ACTION ITEM. Your answer should be the exact lines of the data below from the one containing "a grill on a" through the one containing "Lodge Espresso Walnut"; please include nothing else.

GIVEN RECORDS.
******************************

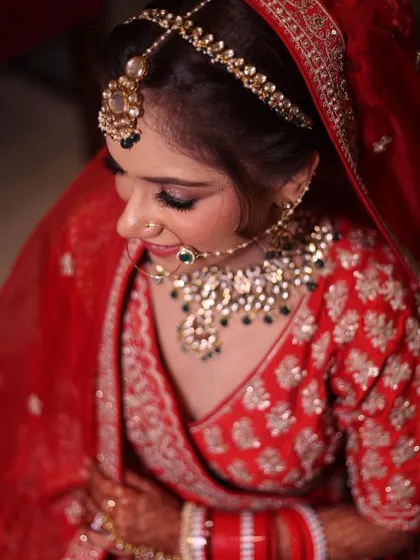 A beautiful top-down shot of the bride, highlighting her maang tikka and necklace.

******************************

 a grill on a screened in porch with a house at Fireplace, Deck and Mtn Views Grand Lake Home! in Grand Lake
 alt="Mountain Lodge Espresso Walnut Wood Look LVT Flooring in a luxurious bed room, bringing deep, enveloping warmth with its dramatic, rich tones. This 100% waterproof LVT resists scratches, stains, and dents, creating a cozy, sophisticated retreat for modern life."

******************************

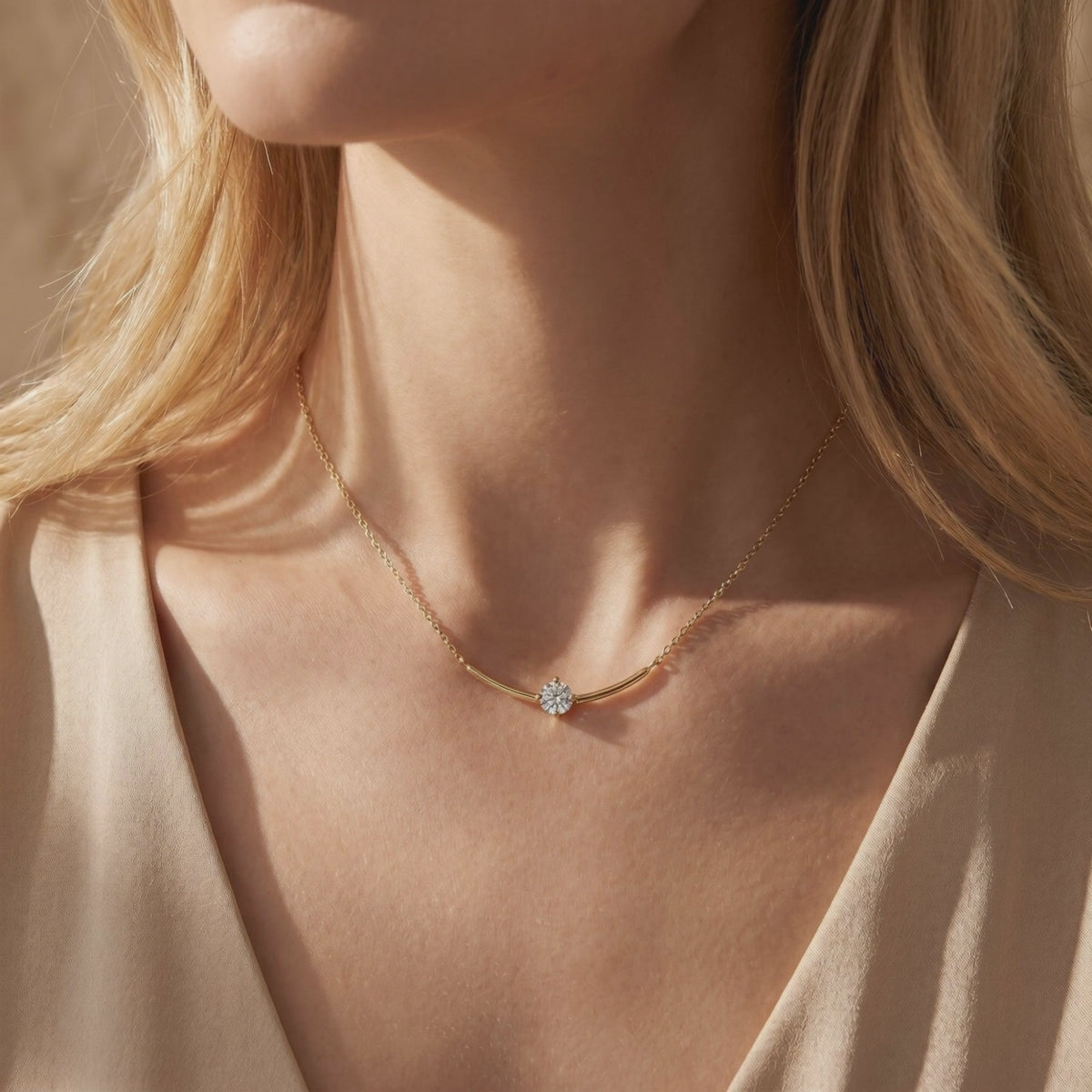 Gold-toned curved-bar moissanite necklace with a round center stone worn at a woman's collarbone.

******************************

ANSWER BOX.
 a grill on a screened in porch with a house at Fireplace, Deck and Mtn Views Grand Lake Home! in Grand Lake
 alt="Mountain Lodge Espresso Walnut Wood Look LVT Flooring in a luxurious bed room, bringing deep, enveloping warmth with its dramatic, rich tones. This 100% waterproof LVT resists scratches, stains, and dents, creating a cozy, sophisticated retreat for modern life."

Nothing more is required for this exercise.